Most Haven’t Tried Robo Advice – and Don’t Want To

Online advice providers are receiving more attention, but only a sliver of workers – and even fewer retirees – indicate they are very interested in obtaining financial advice this way.

The 26th annual Retirement Confidence Survey (RCS), prepared by the nonpartisan Employee Benefit Research Institute (EBRI) and Greenwald & Associates, finds that just 2% of workers and 1% of retirees say that they are very interested in obtaining financial advice in this manner. Nearly 4 out of 10 (39%) of workers say that they are either somewhat interested or not too interested in obtaining online advice – and among retirees, a whopping 83% are not at all interested in obtaining online advice.

That said, very few workers (6%) and even fewer retirees (4%) have ever actually gotten financial advice from an online advice provider. Of those who have, 68% of workers and 60% of retirees say that the advice was either very or somewhat helpful, though more than a quarter (27%) of retirees say that it was not at all helpful.

Cost Being Equal…

If costs were equal, 58% of workers and 38% of retirees say that they strongly prefer to meet an advisor in person. Only 5% of workers and 2% of retirees prefer to use an online advice provider. The likelihood of trying to do a retirement savings needs calculation increases with household income, education, and financial assets. And workers reporting they or their spouse participate in a DC plan are significantly more likely than those who do not participate in such a plan to have tried a calculation (58% vs. 34%).

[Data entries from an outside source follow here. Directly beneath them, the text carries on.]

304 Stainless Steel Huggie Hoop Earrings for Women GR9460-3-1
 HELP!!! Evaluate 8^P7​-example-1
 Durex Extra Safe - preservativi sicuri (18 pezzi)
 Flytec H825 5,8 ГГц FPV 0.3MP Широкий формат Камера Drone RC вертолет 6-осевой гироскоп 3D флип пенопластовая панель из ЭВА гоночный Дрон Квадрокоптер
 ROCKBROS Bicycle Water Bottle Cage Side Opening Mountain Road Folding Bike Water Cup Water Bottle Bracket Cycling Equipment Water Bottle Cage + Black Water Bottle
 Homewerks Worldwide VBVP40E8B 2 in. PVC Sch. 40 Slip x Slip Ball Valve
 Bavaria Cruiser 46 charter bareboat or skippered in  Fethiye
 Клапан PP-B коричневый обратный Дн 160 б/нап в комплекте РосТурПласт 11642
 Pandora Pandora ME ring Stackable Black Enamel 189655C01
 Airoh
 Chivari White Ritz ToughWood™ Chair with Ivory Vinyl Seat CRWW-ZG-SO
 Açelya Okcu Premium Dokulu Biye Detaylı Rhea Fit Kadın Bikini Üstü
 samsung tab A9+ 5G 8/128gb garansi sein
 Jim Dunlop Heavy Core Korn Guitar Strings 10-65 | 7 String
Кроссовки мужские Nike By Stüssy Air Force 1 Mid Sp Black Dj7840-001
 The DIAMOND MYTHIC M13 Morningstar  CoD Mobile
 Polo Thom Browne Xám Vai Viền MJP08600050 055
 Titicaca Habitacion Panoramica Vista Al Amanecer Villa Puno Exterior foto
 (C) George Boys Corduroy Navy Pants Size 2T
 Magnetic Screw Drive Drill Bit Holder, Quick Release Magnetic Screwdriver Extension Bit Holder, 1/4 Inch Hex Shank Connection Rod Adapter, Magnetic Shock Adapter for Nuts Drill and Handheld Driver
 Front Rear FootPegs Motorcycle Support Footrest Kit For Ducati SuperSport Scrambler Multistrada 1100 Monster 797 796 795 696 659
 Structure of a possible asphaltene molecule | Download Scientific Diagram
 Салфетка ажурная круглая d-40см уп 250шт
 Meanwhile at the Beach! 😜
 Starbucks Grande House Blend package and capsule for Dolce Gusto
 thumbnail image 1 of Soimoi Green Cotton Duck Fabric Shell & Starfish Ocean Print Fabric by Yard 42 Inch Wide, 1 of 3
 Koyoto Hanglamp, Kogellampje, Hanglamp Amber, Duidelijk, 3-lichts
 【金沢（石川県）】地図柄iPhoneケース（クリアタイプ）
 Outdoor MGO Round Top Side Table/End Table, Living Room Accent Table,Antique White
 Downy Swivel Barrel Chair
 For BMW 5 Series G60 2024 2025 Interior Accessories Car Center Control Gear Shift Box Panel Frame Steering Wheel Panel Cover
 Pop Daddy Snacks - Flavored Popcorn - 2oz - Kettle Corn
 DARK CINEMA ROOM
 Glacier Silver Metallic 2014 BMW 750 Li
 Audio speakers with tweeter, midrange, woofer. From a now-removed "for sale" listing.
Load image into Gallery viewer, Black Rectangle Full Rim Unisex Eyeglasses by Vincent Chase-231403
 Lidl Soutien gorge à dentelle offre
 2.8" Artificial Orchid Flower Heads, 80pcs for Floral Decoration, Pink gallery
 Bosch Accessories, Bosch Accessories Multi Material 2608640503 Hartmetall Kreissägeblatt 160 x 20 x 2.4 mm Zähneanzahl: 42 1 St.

More married workers (compared with unmarried workers) and retirement savers (compared with nonsavers) report trying to do a needs calculation. However, the 2015 RCS found that the methods of obtaining estimates of retirement savings needs were “varied” to say the least. Just over one in five (22%) asked a financial advisor, but:

  • 39% guessed;
  • 26% did their own estimate;
  • 10% used an online calculator;
  • 10% read or heard how much is needed;
  • 6% asked someone other than a financial adviser; and
  • 6% filled out a worksheet or form.

The RCS gauges the views and attitudes of working-age and retired Americans regarding retirement, their preparations for retirement, their confidence with regard to various aspects of retirement, and related issues. The survey was conducted from Jan. 2-Feb. 3 via 20-minute telephone interviews with 1,505 individuals (1,000 workers and 505 retirees) age 25 and older in the United States.